UPDATE 2012-06-07: LinkedIn has confirmed the leak is real, that they “recently” switched to salted passwords (so the data is presumably an out-of-date backup) and that they’re resetting passwords of users involved in the leak. There is still no credible information about if the hackers involved have the account names or the rest of the site’s passwords. If so, this incident could still have serious security consequences for LinkedIn users. If not, it’s still a major black eye for LinkedIn, though they deserve credit for acting quickly to minimise the damage.

LinkedIn appears to have been the latest website to suffer a large-scale password leak. Perhaps due to LinkedIn’s relatively high profile, it’s made major news very quickly even though LinkedIn has neither confirmed nor denied the reports. Unfortunately the news coverage has badly muddled the facts. All I’ve seen is a list 6,458,020 unsalted SHA-1 hashes floating around. There are no account names associated with the hashes. Most importantly the leaked file has no repeated hashes. All of the coverage appears to miss this fact. Most likely, the leaker intentionally ran it through ‘uniq’ in addition to removing account info to limit the damage. Also interestingly, 3,521,180 (about 55%) of the hashes have the first 20 bits over-written with 0. Among these, 670,785 are otherwise equal to another hash, meaning that they are actually repeats of the same password stored in a slightly different format (LinkedIn probably just switched formats at some point in the past). So there are really 5,787,235 unique hashes leaked.

This gives us no idea how many total accounts were affected by the leak. It’s probably much less than the total number at the site (about 161 M) unless LinkedIn users choose implausibly terrible passwords. The RockYou leak, which included passwords for 32M users, had over 14 M unique passwords. A random sample of about 12.5 M RockYou passwords has an expected 5.8 M unique passwords, so we might project that the LinkedIn leak represents closer to 12.5 M users if the password distributions are similar. Any news reporting indicating “6.5 M accounts are affected” has not done basic investigation on the source data here.
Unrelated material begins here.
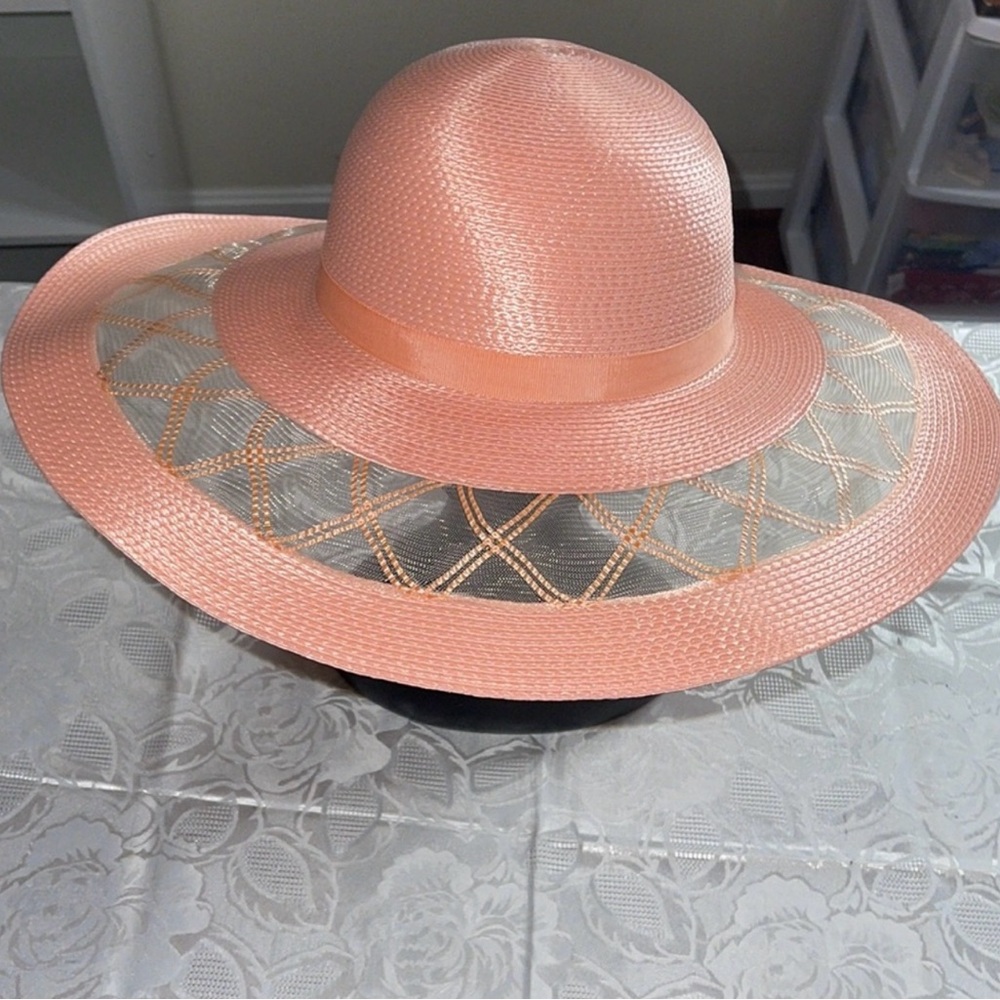 Elegant Peach Wide-Brim Hat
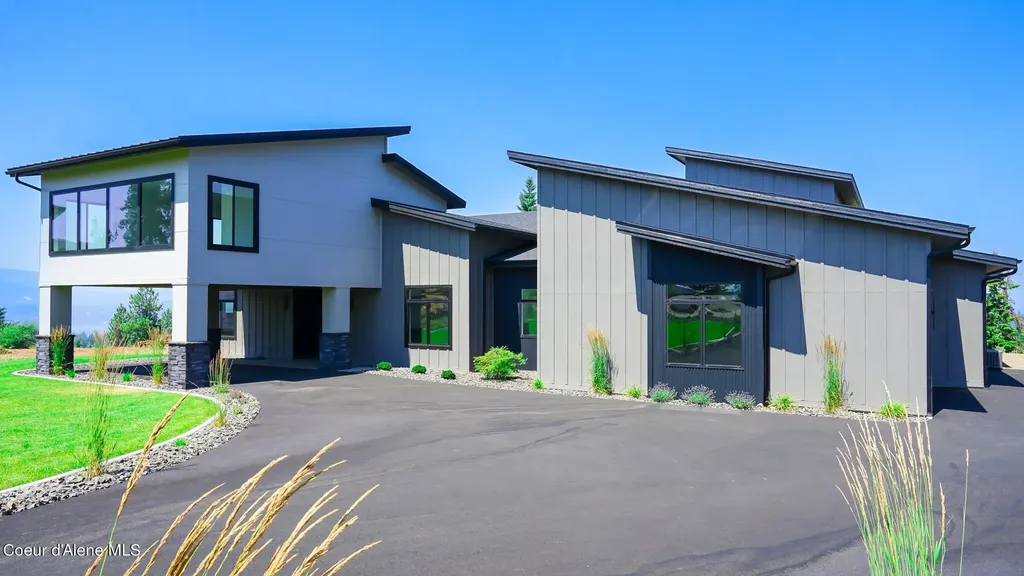 9745 S Kapalua Road Harrison ID 83833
Here’s the more important thing though: in its current form this leak has minimal security implications for LinkedIn users. No account identifiers were leaked, so this doesn’t allow offline attack against individual accounts. The passwords were hashed, which means it doesn’t reveal any user’s password which is so strong as to be out of the range of current cracking libraries. The fact that the passwords are uniqued means little information about the most popular passwords at LinkedIn is revealed. In short, while this data might be interesting for research, there’s nothing particularly useful here for attackers with one exception: given a list of LinkedIn usernames, an attacker might try many variations of them and see if they’re in the list and then try those that are with the known usernames at the real login page. This is a minor risk: relatively few users use variations of their username, and those that do can already be attacked online with slightly less efficiency.

This situation could turn out to be much worse. The attacker could be sitting on the whole database and leaked this subset accidentally or to try to find a buyer. For now though, the amount of news coverage is way out of proportion with the real impact. LinkedIn should be criticised heavily if they truly had their password database breached, but the news coverage so far has caused premature panic among LinkedIn users.
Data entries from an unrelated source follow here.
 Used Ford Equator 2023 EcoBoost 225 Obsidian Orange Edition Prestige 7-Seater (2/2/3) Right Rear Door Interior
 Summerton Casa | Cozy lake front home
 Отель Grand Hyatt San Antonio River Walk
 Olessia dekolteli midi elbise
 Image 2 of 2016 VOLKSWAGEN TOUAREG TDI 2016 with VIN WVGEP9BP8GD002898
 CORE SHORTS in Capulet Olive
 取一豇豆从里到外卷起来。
A further note on cracking so far: I’ve also seen a list of 163,237 hashes which have been inverted, leading to reports along the lines of “x passwords have already been compromised.” The list I’ve seen doesn’t seem to be a skilled job-missing basic things like “password” which are in the leak and only cracking hashes which didn’t have the high-order bits zeroed out. Surely a better cracking effort will be done, but this doesn’t matter much anyways given the lack of account information in the leak.